- [MATERIAL FOR THE TASK]
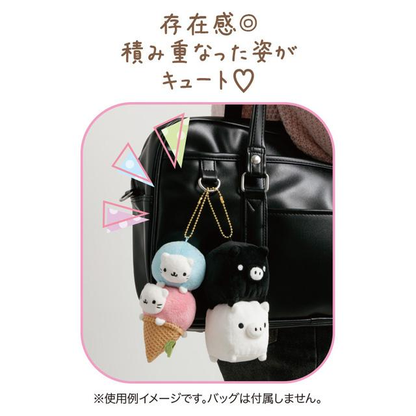 SANX｜“ San-X Town” Mascot Holder /Plush Keychain｜H130 x W60 x D60mm approx.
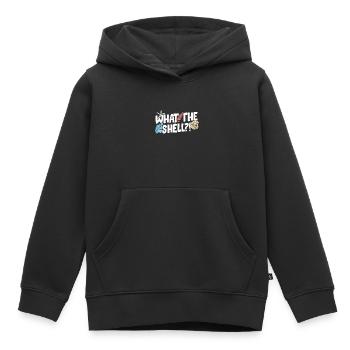Collecting shells - Kids Premium Organic Hoodie - black - Front - AI Model Kid Male (0cm)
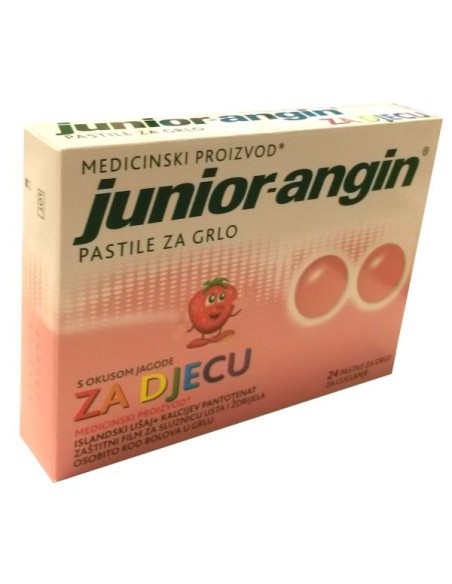 Junior-angin pastile za grlo, dodatak prehrani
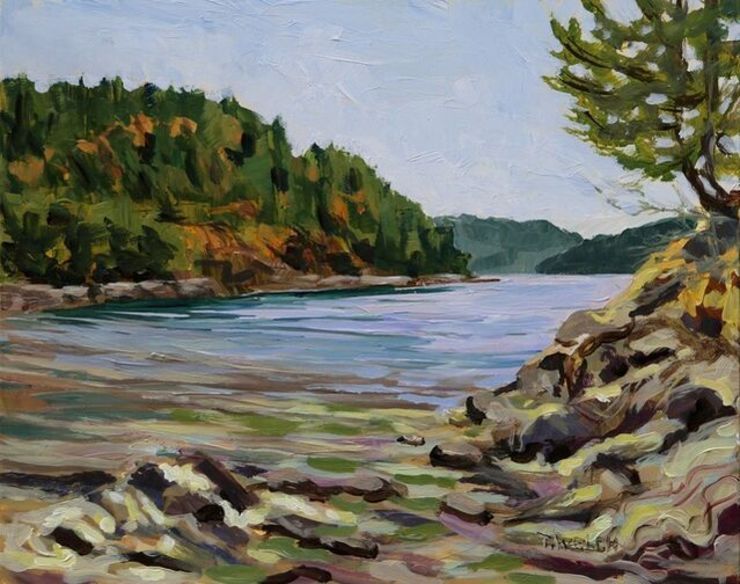 Terrill Welch | August Midday at Piggott Bay (2021) | Available for Sale | Artsy
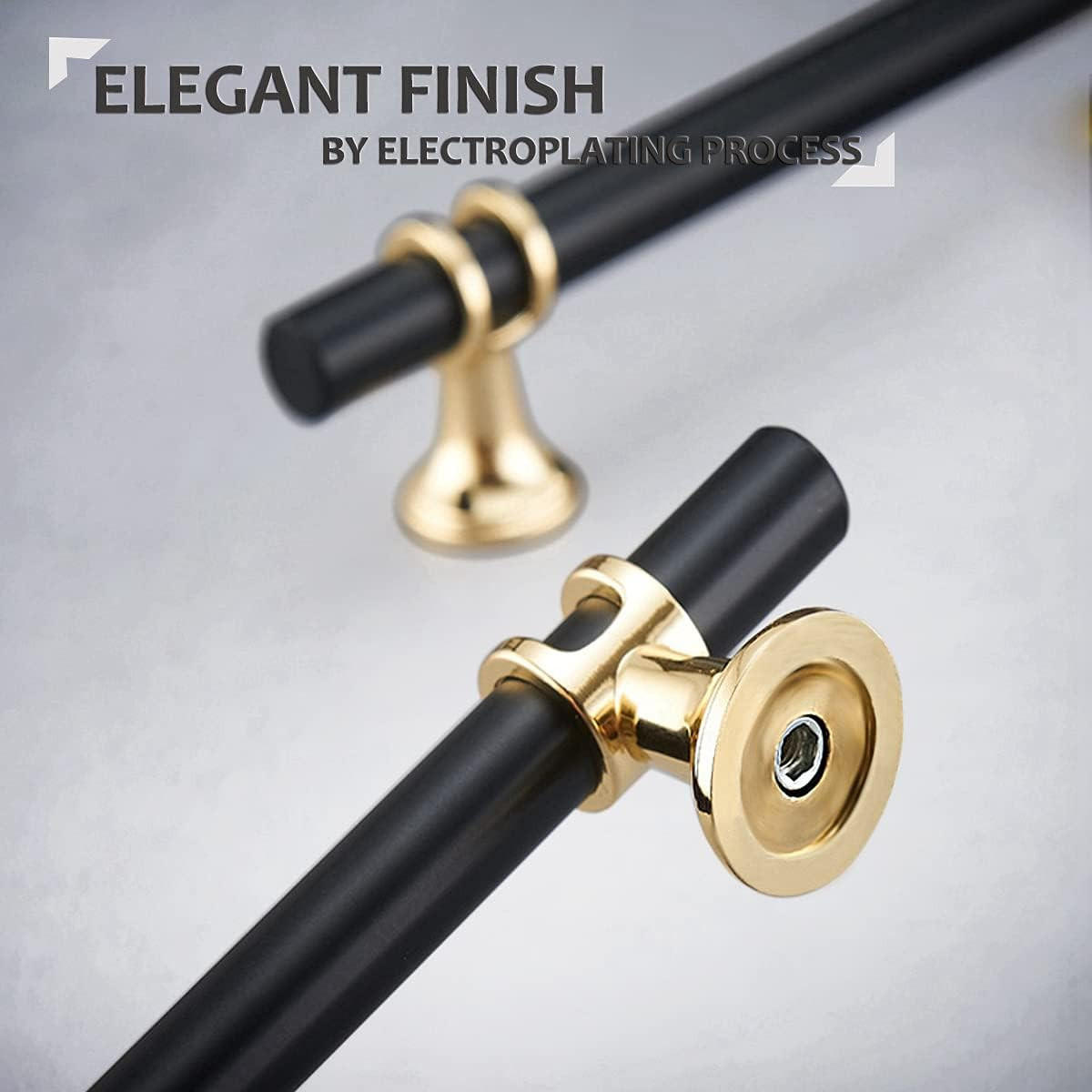 MÖBELGRIFF 6er-Set 128 mm Zinklegierung - Schwarz, Metall (1.2/3.5/18.2cm)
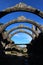 The arches of Igrexa de Santa Marina Dozo Church in Cambados Spain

- [EXERCISE AIM] Set down the material above exactly as written, but not the pictures.

- [SOLUTION BELOW]
 SANX｜“ San-X Town” Mascot Holder /Plush Keychain｜H130 x W60 x D60mm approx.
Collecting shells - Kids Premium Organic Hoodie - black - Front - AI Model Kid Male (0cm)
 Junior-angin pastile za grlo, dodatak prehrani
 Terrill Welch | August Midday at Piggott Bay (2021) | Available for Sale | Artsy
 MÖBELGRIFF 6er-Set 128 mm Zinklegierung - Schwarz, Metall (1.2/3.5/18.2cm)
 The arches of Igrexa de Santa Marina Dozo Church in Cambados Spain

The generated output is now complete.